Levantei-me. Peguei na chávena, levei-a ao lava-loiça, lavei-a com calma e deixei-a no escorredor. Gestos banais, de todos os dias. As minhas mãos não tremiam. Depois voltei-me para eles.
— Não vou decidir nada hoje, de cabeça quente. Também não vou fazer uma cena, muito menos com a Matilde em casa. Mas a partir de agora fica combinado assim: tudo será tratado pela lei, não por acordos feitos à mesa da cozinha. Se quiseres o divórcio, Tiago, muito bem. Só que os bens serão divididos de forma justa, com avaliação, contas e reconhecimento da minha parte. E a nossa filha fica comigo. Se, pelo contrário, quiseres pensar melhor e falar de outra maneira, também podemos falar. Mas será de igual para igual. Não como se vocês decidissem a minha vida enquanto eu fico no corredor sem saber de nada.
Saí da cozinha. Atrás de mim ficou um silêncio pesado, quase material. Da sala vinha apenas a música alegre de um desenho animado e o riso da Matilde.
Entrei e sentei-me na beira do sofá. Ela encostou-se logo a mim, quente, macia, a cheirar a champô infantil.
— Mãe, hoje não vais trabalhar?
— Hoje estou de folga, meu amor.
— Boa! Então vamos passear?
— Vamos — disse eu. — Vamos a algum lado, sim.
Abrancei-a com força e fiquei a olhar pela janela. Lá fora, o entardecer de inverno adensava-se; as janelas do prédio em frente acendiam-se uma a uma. E por trás de cada uma delas, pensei, talvez existisse também uma cozinha, uma conversa sussurrada, um plano, um silêncio antigo ou um grito por soltar.

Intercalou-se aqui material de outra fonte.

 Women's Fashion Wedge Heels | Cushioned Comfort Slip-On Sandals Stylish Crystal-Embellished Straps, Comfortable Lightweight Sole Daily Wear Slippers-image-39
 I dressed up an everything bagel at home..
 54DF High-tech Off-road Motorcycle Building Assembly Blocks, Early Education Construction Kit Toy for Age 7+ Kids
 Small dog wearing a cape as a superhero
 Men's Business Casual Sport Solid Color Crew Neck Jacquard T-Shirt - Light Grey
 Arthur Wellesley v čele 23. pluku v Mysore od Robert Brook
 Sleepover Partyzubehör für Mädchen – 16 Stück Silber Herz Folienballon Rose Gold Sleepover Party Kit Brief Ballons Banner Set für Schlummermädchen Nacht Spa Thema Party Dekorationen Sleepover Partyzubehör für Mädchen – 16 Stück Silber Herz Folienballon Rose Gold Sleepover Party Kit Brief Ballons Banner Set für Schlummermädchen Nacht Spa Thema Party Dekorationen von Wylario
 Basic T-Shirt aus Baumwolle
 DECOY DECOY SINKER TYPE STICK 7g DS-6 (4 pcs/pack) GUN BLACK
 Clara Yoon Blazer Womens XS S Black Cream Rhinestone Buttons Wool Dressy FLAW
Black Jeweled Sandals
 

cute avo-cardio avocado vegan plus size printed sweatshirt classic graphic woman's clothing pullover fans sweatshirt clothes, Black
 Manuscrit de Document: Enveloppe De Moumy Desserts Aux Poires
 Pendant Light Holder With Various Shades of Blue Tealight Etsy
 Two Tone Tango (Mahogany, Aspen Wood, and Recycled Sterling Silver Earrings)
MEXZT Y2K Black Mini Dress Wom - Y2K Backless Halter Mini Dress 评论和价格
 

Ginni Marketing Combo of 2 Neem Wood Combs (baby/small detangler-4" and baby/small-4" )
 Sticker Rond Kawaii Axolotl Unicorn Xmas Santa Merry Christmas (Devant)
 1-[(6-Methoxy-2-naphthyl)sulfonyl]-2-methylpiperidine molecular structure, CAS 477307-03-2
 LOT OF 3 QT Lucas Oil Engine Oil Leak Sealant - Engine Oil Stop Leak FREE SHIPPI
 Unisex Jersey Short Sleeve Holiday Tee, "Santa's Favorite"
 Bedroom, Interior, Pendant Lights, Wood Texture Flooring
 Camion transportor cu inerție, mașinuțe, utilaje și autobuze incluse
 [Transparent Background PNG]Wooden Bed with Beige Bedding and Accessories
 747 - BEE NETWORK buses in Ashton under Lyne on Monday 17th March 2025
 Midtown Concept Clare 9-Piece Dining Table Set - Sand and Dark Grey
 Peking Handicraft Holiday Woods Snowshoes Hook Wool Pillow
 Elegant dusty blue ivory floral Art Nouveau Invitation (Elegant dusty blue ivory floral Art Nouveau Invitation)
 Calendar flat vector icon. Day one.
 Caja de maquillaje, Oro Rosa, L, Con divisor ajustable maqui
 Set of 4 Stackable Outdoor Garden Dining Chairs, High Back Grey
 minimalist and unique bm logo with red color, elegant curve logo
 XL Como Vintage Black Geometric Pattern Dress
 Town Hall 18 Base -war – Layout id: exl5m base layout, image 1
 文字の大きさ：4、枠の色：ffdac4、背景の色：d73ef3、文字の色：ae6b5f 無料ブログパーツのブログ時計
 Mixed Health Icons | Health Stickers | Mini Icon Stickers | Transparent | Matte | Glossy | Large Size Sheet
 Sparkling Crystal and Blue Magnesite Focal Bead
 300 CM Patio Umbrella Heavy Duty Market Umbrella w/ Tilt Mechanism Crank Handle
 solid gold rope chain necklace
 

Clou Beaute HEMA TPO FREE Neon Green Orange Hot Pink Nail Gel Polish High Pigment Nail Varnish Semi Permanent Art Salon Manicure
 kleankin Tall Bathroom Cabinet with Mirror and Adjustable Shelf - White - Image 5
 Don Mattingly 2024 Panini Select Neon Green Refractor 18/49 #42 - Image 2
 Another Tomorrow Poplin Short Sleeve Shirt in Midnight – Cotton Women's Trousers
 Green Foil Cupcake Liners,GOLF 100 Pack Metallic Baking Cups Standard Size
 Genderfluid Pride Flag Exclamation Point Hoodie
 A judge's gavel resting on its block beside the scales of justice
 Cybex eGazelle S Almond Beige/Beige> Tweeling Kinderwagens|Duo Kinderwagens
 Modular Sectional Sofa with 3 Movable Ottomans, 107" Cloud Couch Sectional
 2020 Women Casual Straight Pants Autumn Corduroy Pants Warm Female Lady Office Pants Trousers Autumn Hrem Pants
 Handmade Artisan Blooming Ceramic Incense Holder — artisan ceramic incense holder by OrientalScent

Eu ainda não sabia o que viria a seguir. Não sabia se Tiago iria atrás da mãe ou se ficaria. Se nos divorciaríamos de vez ou se tentaríamos colar alguma coisa que já tinha rachado de alto a baixo. Não sabia se teria forças para avaliações, tribunais, papéis, discussões, provas. Nem sabia se, em algum momento, voltaria a calar-me e a desistir por cansaço.
Mas havia uma coisa que eu sabia com absoluta certeza: nunca mais ficaria parada num corredor a ouvir outras pessoas decidirem o meu destino. Acontecesse o que acontecesse, eu estaria dentro da sala. Sentada à mesa. Com voz. Não atrás da porta.
Matilde tagarelava ao meu ouvido qualquer coisa sobre o cão de plasticina a quem finalmente conseguira fazer uma cauda comprida. Eu passava-lhe a mão pelo cabelo e pensava na minha avó. No apartamento pequeno dela, num bairro antigo da Amadora, onde cheirava a gotas de valeriana e bolos acabados de sair do forno; onde havia vasos de gerânios no parapeito e, na parede, aquele mesmo espelho que agora estava no meu hall de entrada.
A minha avó vivera sempre discretamente. Falava baixo, ocupava pouco espaço, nunca levantava a voz a ninguém. E, no fim, sem talvez imaginar a dimensão do gesto, não me deixara apenas metros quadrados. Deixara-me chão. Um lugar firme onde apoiar os pés quando, à minha volta, outros tentassem definir quem eu era e quanto valia.
Obrigada, avó, pensei. Nem sabes como chegaste a tempo.
A noite fechou-se por completo do outro lado do vidro. Na cozinha, Tiago e a mãe falavam em voz baixa — já sem a segurança de antes, agora apressados, confusos, inseguros. Eu fiquei no sofá, com a minha filha junto de mim, dentro de uma casa da qual pelo menos dois terços eram meus, e pela primeira vez em muito tempo não me senti silenciosa.
Senti-me tranquila.
E descobri, nesse instante, que eram coisas completamente diferentes.
Não fazia ideia de como seria o dia seguinte. Mas, fosse ele qual fosse, eu já não o receberia do lado de fora da porta.